Where the efficiency hides
- Regional digital and OOH inventory is frequently less contested — the same rupee buys more attention.
- Regional creators command real trust in their communities, often at a fraction of a national celebrity’s fee.
- Native creative earns organic shares that translated creative rarely does.
| Dimension | English-first, then translated | Vernacular-first (native) |
|---|---|---|
| The idea | One idea, reworded per market | The best idea for each market |
| Tone | Often stiff or literal | Natural, colloquial, shareable |
| Cultural references | Usually lost | Built in from the start |
| Media cost | Premium English/Hindi inventory | Often lower, less contested |
| Creator fit | National faces | Trusted regional voices |
| Typical outcome | Reaches, rarely resonates | Higher recall and organic reach |
“You do not win a market by shouting your message louder in a language it does not think in. You win by speaking first, in the language it dreams in.”
A simple prioritisation model
You cannot do every language at once, and you should not try.
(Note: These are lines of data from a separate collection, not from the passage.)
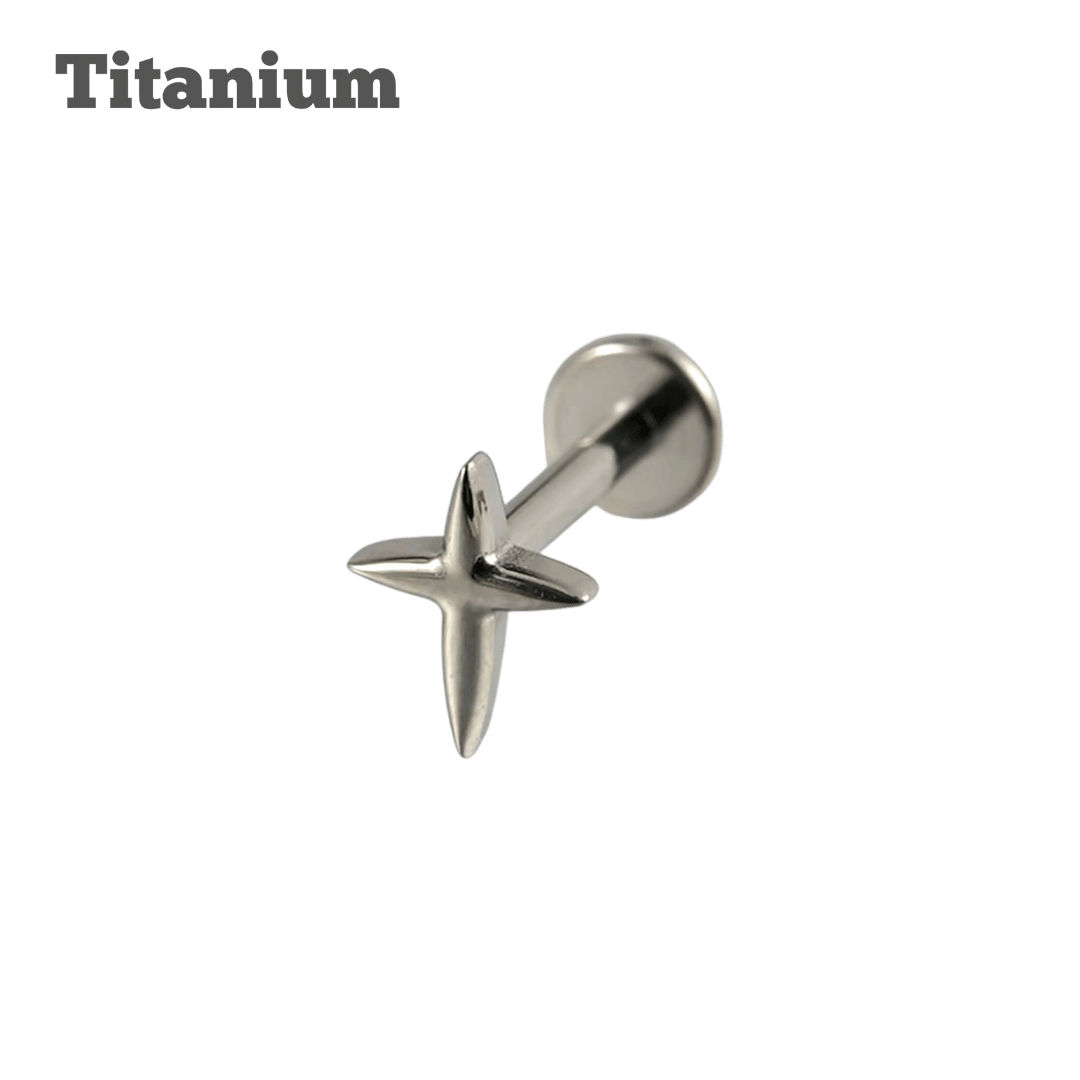 Titanium Twinkle Threaded Labret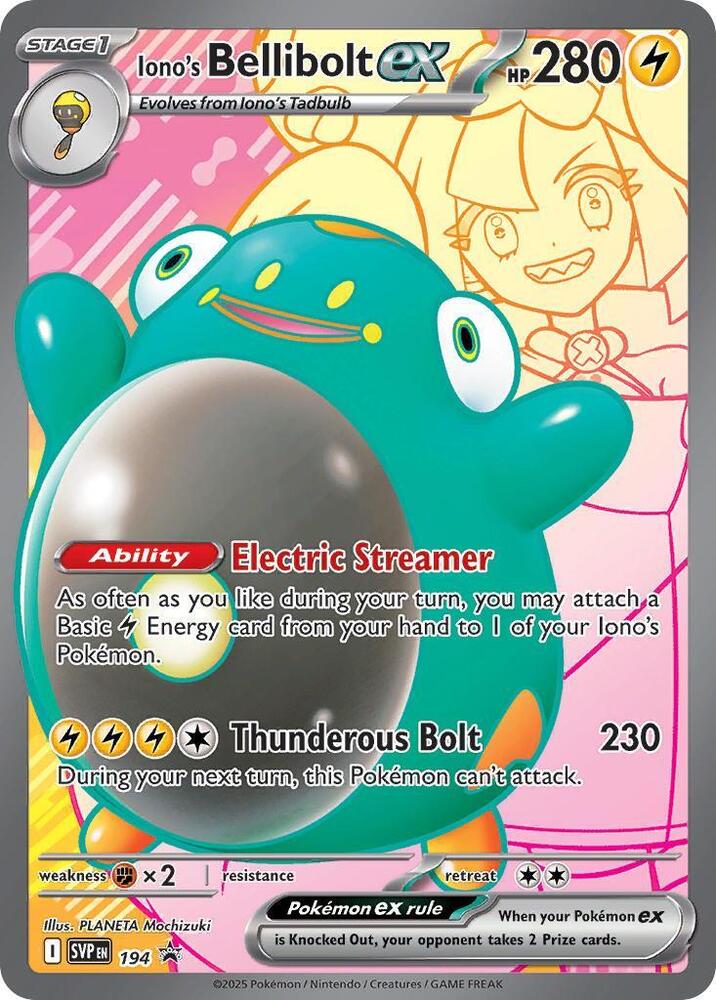Iono's Bellibolt ex (Scarlet & Violet Promos) #194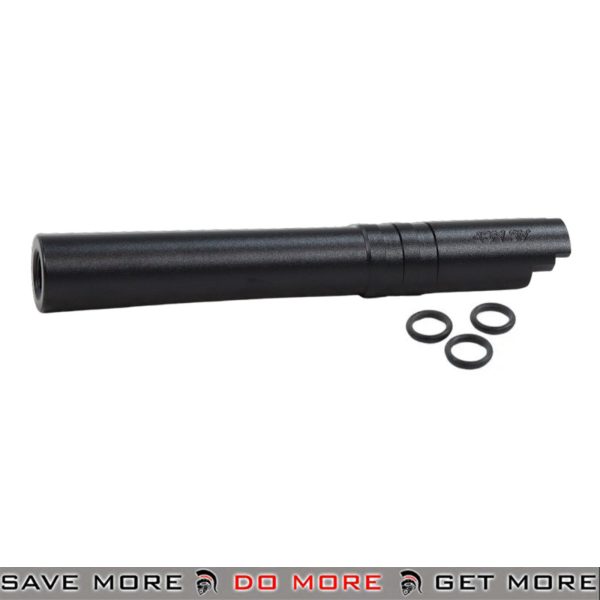 LA Capa Customs 5.1 Aluminum Threaded Outer Barrel for Airsoft GBB Pistols - Black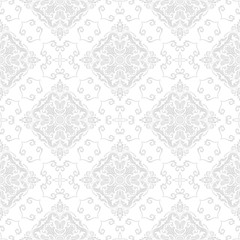 Seamless classic light silver pattern. Traditional orient ornament. Classic vintage background
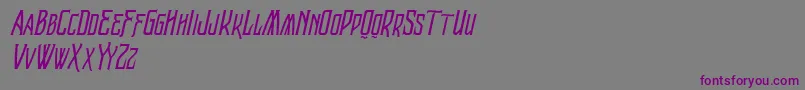 VtksRaladeira2 Font – Purple Fonts on Gray Background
Rank your target languages on three questions: where is demand already showing up, where is the media cost most favourable, and where do you have — or can find — credible creators to make native work. The language that scores well on all three is where you start. This keeps the first move small, measurable and defensible to a finance team that wants proof before scale.
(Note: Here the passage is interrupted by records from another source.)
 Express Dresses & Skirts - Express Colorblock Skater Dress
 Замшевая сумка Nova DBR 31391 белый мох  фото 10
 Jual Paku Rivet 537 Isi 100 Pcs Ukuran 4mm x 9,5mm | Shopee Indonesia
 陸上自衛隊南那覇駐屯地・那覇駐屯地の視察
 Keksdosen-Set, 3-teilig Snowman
- Demand signal: existing sales, search interest, or enquiries from that language region.
- Media efficiency: comparative CPMs and competition on regional inventory.
- Creative supply: creators and writers who can build native — not translated — work.
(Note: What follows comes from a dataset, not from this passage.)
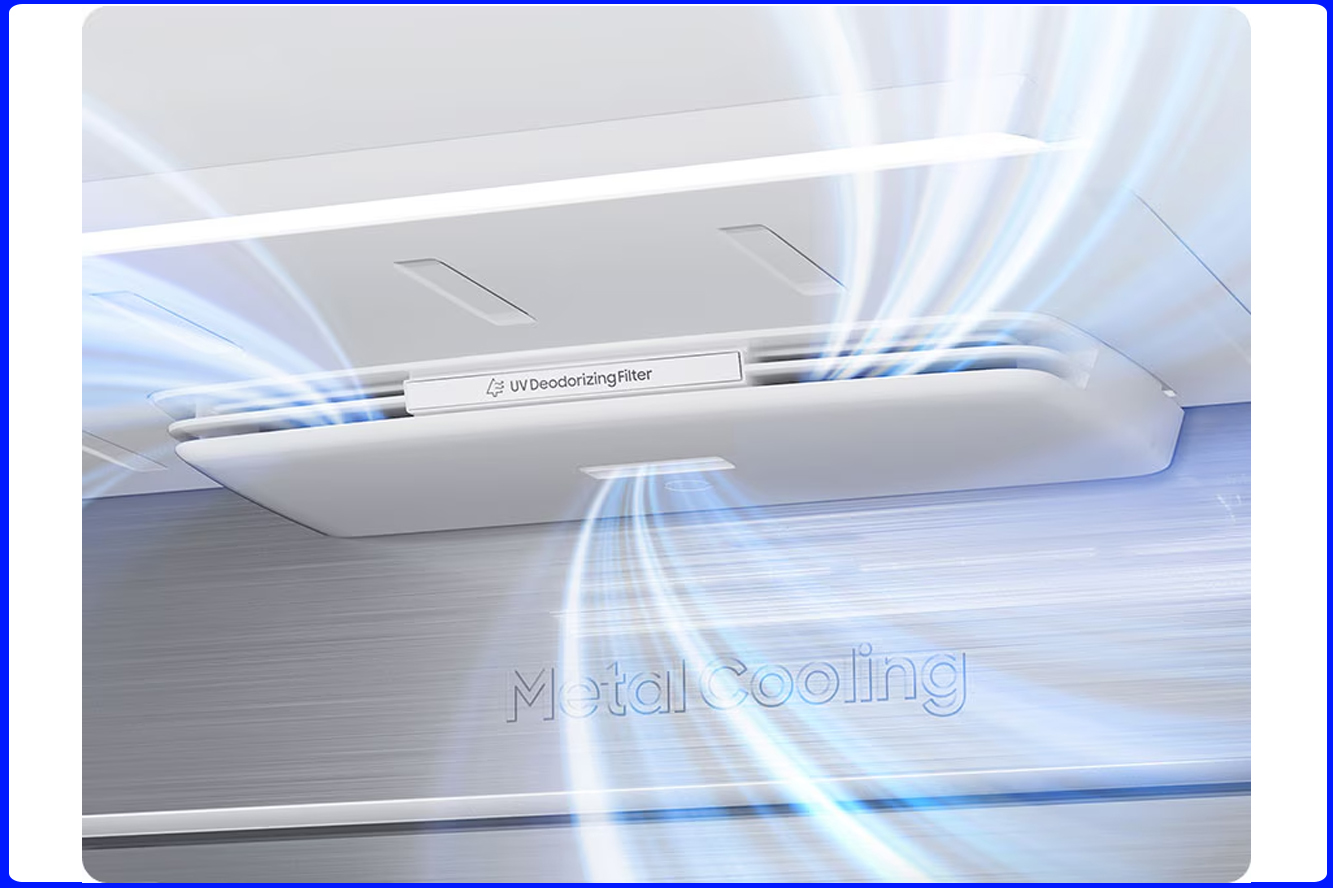 Tủ lạnh Samsung Inverter 636 Lít RF65DB990012SV - Metal Cooling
The mistakes that quietly waste the budget
- Machine-translating a national script and calling it localisation.
- Using the same national celebrity everywhere and losing regional trust.
- Running regional creative with no regional response channel to capture the demand.
- Judging a new-language test on week-one numbers instead of giving it a fair run.
How to start without boiling the ocean
Pick one high-value language where you already have demand, and build genuinely native creative for it — not a translation, an original. Measure it against your English/Hindi control on the metrics that matter: engaged reach, cost per qualified lead, and recall. When it wins, you have both the confidence and the template to scale to the next language. Do that a few times and regional stops being a checkbox and becomes your cheapest, most durable source of growth.